Fort de son expérience à la tête d’une vingtaine de missions de l’ONU dans des zones de guerre, de l’Afghanistan à l’Irak en passant par la Bosnie ou le Soudan, ce diplomate italo-suédois s’est toujours défini comme un « optimiste chronique ». Ce trait de caractère explique probablement pourquoi Staffan De Mistura, 72 ans, accepta en juillet 2014 le poste d’émissaire spécial des Nations unies pour la Syrie que lui offrait le secrétaire général de l’ONU de l’époque, Ban Ki-moon. Sa mission : « Faire cesser les violences et les violations des droits humains et promouvoir une solution pacifique de la crise syrienne ».

Elle tenait de l’impossible.

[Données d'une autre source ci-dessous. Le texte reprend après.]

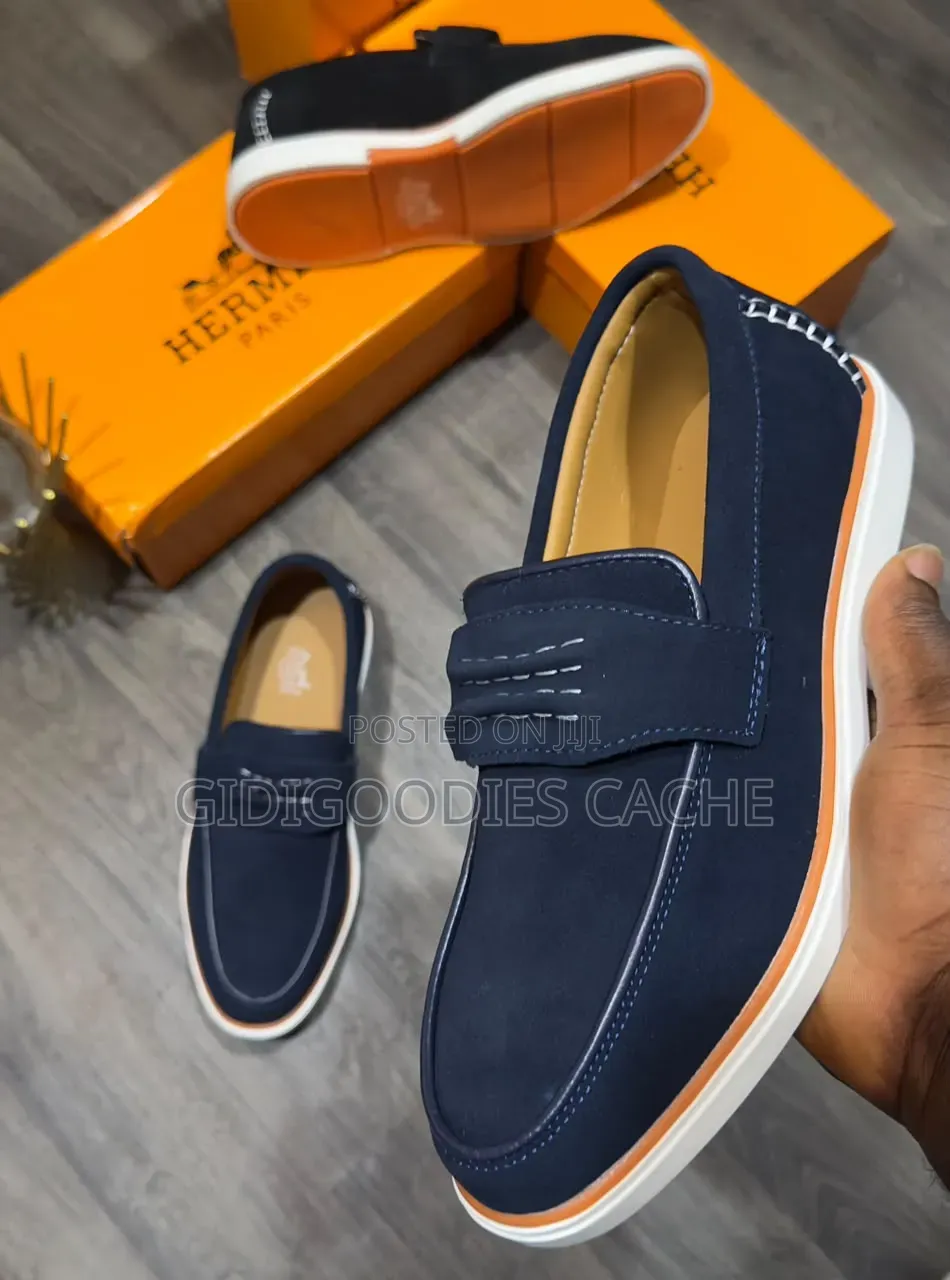 Hermes Low-Top Smart Casual Shoes Size 41-46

Finalement, M. De Mistura a annoncé le 17 octobre au Conseil de sécurité qu’il jetait l’éponge pour raisons personnelles, las de n’avoir pas pu permettre un véritable démarrage des négociations intersyriennes de Genève entre le régime et l’opposition. « Je crois être un bon négociateur, même si personne n’est parfait, mais les négociations les plus difficiles, à la différence de ce que prétendent les manuels, sont celles avec sa propre famille », confiait-il récemment.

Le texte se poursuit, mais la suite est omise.